Wikipedia:Wikipedia Signpost/2023-11-06/Wikidata

From Wikipedia, the free encyclopedia
File:Imbalanced justice scale silhouette.svg
991joseph
PD
0
0
300
Wikidata

Evaluating qualitative systemic bias in large article sets on Wikipedia

The presence of systemic bias on Wikipedia has been well-established by several studies.[1][2][3][4] Most studies demonstrate simple quantitative bias by noting that a particular class of articles has fewer instances than another similar class (e.g. there are more biographies about men than women, and there are more articles about Paris than all of Africa[5]).
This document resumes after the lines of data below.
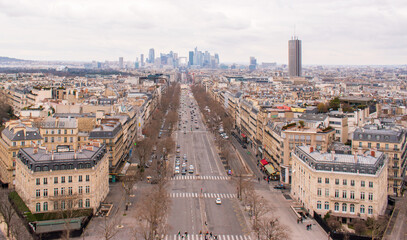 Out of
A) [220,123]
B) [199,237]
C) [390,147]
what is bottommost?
[199,237]

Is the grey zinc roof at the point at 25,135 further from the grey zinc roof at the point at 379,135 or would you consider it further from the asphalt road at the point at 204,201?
the grey zinc roof at the point at 379,135

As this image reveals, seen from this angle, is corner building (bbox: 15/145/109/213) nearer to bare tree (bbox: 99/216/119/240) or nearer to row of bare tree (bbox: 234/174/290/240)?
bare tree (bbox: 99/216/119/240)

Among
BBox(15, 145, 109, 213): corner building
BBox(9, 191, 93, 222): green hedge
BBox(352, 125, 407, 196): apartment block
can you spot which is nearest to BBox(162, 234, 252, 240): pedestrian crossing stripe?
BBox(9, 191, 93, 222): green hedge

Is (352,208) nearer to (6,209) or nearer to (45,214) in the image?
(45,214)

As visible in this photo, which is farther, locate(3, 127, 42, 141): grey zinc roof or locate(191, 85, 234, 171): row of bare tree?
locate(191, 85, 234, 171): row of bare tree

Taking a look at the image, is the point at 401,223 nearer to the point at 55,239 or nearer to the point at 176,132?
the point at 55,239

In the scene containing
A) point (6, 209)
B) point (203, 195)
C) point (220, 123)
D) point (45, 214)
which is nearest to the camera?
point (45, 214)

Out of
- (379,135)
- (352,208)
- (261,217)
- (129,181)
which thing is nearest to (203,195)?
(129,181) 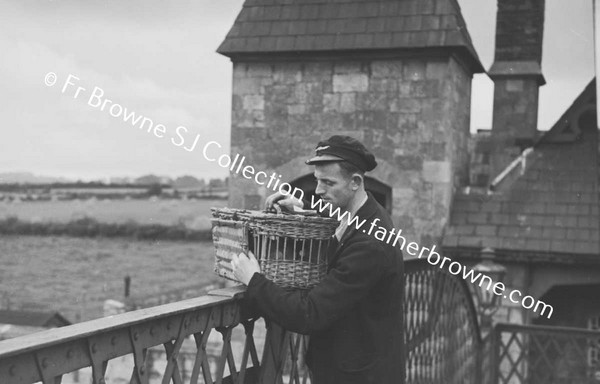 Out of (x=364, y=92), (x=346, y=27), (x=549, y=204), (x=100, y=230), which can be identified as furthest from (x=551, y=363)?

Qualitative bias in article content (i.e. biased information in existing articles) is more difficult to assess. Creation of new articles helps address simple quantitative bias in the number of articles, but it does not independently remedy bias in the encyclopedia if those articles are orphaned or poorly interlinked. Integration of missing topics requires an assessment of due weight to determine where, for example, a new biography about a female mathematician should be linked from articles about her area of expertise, awards she won, or other mathematicians she may have influenced. It's also possible that some of her works would meet notability guidelines (WP:BK) and are also missing. The complexity of this situation means that assessing qualitative bias on the basis of even a limited class of articles (e.g. 1,000 women mathematicians) quickly implicates many thousands of other articles outside that class.

I propose a systematic approach for assessing bias by using Wikidata to create an ontological map of related articles. This approach generates a set of statements that could potentially be missing from the encyclopedia, and is intended to be a step toward assessing qualitative bias in large sets of articles. In combination with a separate assessment of sources to determine due weight (only marginally developed here) this approach could lay a foundation for identifying and integrating missing information from large sets of articles and help counter systemic bias (WP:CSB).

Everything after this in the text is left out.